たしかに、香料くさすぎるマジパンも多いが、アマルフィのドゥオーモのそばの店のそれは個性的で香りがナチュラル。その分高かったが、非常に美味しい。レモンやオレンジなどの形をした、マジパンにしては小さなタイプで、周りはかなり硬く固めてある。だから最初の食感はキャンディーのよう。中はまさしくアーモンドの練り菓子だ。やはりアマルフィというべきか、特にレモンが気に入った。それを自分用と友人用にお土産に買って帰りたかったのだ。

タクシーがアマルフィに近づいたところで、連れにおりてもらって、買いに走ってもらう。Mizumizuは荷物と一緒にアマルフィのバス停まで乗って、そこで支払いを済ませ、バスのチケットを買うことにした。タクシーは64ユーロもかかった。バスなら1.19ユーロですんだところなので、50倍以上かかったことになる(そういう計算もむなしいが・苦笑)。

サレルノまでの1.65ユーロのバスの切符も無事ゲットした。バス停で待っていると、なんと数日前、ここからラベッロまで乗せてもらったタクシーの運ちゃんに会った。ホント、タクシーの世界は狭い。

連れが大きな紙袋をかかえて戻ってきた。「そんなに買ったの?」と驚いた(なにせ、中身のしっかりつまったマジパンだから、けっこう重いのだ)が、日本に帰ってみると足りないぐらいだった。

さて、14:10アマルフィ発のサレルノ行きバスに乗り込んだが、ポジターノ~アマルフィ以上のすごい渋滞に巻き込まれた。メーター制のタクシーにしなくてよかった。あの渋滞だといったいいくらかかったか想像もつかない。本当に休日の伊豆半島にそっくりだ。

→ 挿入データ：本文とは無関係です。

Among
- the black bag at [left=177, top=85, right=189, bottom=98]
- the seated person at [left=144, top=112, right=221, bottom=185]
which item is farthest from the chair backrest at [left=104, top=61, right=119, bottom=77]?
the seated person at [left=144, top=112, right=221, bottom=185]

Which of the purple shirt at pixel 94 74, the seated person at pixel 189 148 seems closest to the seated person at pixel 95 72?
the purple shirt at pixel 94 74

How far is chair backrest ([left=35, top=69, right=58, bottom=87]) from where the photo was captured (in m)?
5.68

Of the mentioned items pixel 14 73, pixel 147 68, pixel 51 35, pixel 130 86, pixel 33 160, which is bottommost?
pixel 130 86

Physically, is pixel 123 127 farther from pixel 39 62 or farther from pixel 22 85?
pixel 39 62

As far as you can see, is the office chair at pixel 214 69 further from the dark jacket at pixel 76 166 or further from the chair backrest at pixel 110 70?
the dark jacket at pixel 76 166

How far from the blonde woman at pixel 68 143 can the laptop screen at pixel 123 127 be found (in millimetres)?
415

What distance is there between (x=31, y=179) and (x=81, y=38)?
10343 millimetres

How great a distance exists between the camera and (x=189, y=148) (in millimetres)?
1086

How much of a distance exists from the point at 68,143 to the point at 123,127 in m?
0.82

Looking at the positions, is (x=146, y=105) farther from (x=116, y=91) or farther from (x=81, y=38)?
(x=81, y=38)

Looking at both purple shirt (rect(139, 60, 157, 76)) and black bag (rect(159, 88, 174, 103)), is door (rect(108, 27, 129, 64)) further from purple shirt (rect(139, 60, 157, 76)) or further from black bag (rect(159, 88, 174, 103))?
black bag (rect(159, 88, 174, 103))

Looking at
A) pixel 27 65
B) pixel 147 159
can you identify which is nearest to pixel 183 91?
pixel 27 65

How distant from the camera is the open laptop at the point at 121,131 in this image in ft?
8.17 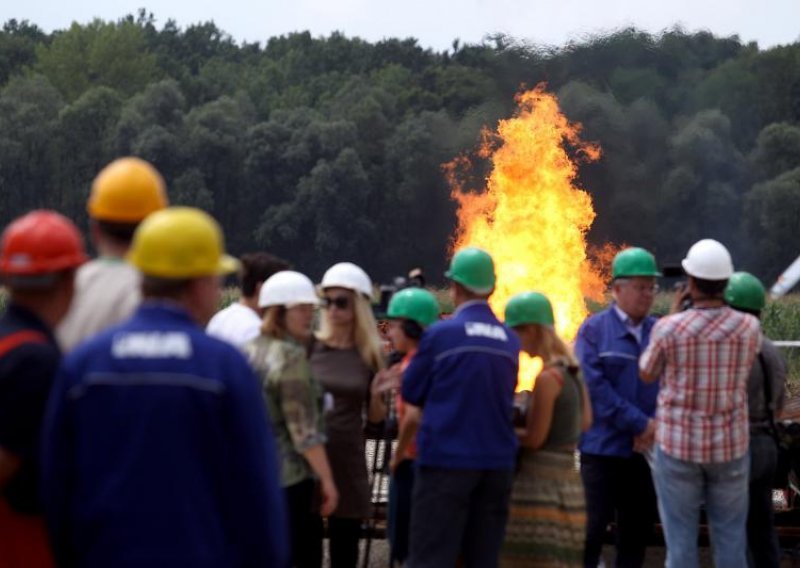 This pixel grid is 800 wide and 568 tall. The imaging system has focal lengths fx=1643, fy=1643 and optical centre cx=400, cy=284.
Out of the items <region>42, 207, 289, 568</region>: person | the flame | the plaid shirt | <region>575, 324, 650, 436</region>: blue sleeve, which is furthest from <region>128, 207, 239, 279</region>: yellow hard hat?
the flame

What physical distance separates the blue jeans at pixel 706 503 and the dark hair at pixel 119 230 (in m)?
3.57

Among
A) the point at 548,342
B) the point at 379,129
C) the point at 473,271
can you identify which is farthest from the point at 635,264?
the point at 379,129

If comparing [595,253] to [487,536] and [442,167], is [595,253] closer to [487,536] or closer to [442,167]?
[442,167]

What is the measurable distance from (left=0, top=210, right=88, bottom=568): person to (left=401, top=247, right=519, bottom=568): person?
253cm

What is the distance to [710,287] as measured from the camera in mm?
7430

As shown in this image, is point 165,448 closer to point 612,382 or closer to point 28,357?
point 28,357

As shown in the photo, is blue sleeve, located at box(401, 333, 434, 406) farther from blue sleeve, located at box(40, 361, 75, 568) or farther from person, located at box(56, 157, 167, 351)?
blue sleeve, located at box(40, 361, 75, 568)

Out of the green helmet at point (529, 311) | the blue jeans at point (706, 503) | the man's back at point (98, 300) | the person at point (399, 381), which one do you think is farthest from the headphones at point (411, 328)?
the man's back at point (98, 300)

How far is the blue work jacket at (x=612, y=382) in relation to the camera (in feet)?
27.0

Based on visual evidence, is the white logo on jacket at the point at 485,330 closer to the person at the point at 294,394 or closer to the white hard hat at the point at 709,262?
the person at the point at 294,394

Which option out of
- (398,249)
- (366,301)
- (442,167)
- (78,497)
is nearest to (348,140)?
(398,249)

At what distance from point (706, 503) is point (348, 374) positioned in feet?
5.79

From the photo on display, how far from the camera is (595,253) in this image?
26.9 meters

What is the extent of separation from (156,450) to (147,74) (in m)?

15:20にサレルノに着くはずが、実際の到着は16時を過ぎていた。ローマ行きの列車は16:18分発。これで窓口に人が並んでいたらどうしよう… と思いつつ駅舎に駆け込む。
が~ん!
2つある窓口はどちらも4~5人の行列になっている。
「すいません! 私を先にして! 時間がないの!」
思いっきり叫ぶ。本当にあと10分しかない。並んでいた人が驚いて振り返る。だが、みな「どうぞ、どうぞ」といっせいに譲ってくれた。うう… イタリア人ってホント、親切だよね。「ローマまで。片道、2人。16:18発EC」と、あらかじめ書いておいたメモを突き出し、
「あと10分しかない、急いで!」
と窓口のおっさんに叫ぶ。おっさんも慌てて発券作業に入る。
「急いで、急いで」
なおもせかすと怒られた。
「黙ってよ! しゃべられると間違えるじゃないか」
そこで、大人しく口をつぐんで作業を見守る。情報を無事にキーボードで打ち込んだ。あとは印刷。ここで機械が止まってしまうのをイタリアでは何度も見ている(苦笑)。イタリア人は別に驚きもしない。
「イタリアの機械ってすぐ壊れるからね~」
てなもんだ。古代の遺物や文化財はあれほど見事に保存し、修復するのに、イタリア人は本当に機械のメンテナンスが下手だ。機械そのものが悪いのかもしれないが…
ピピッ~と音がして、無事に切符が機械から出てきた。時計をみる。あと5分。
やった!
もしかして間に合ってしまうかも。Mizumizuはここぞとばかりに窓口のおっさんを褒め称える。
「なんて優秀なの! 優秀すぎっ! ありがとう! どうもありがとう!」
「どういたしまして」
おっさんも得意げに切符を渡す。
譲ってくれた人々を振り返り、お礼を言ってプラットホームに走った。後ろの人は、かなり呆気にとられていたようだった。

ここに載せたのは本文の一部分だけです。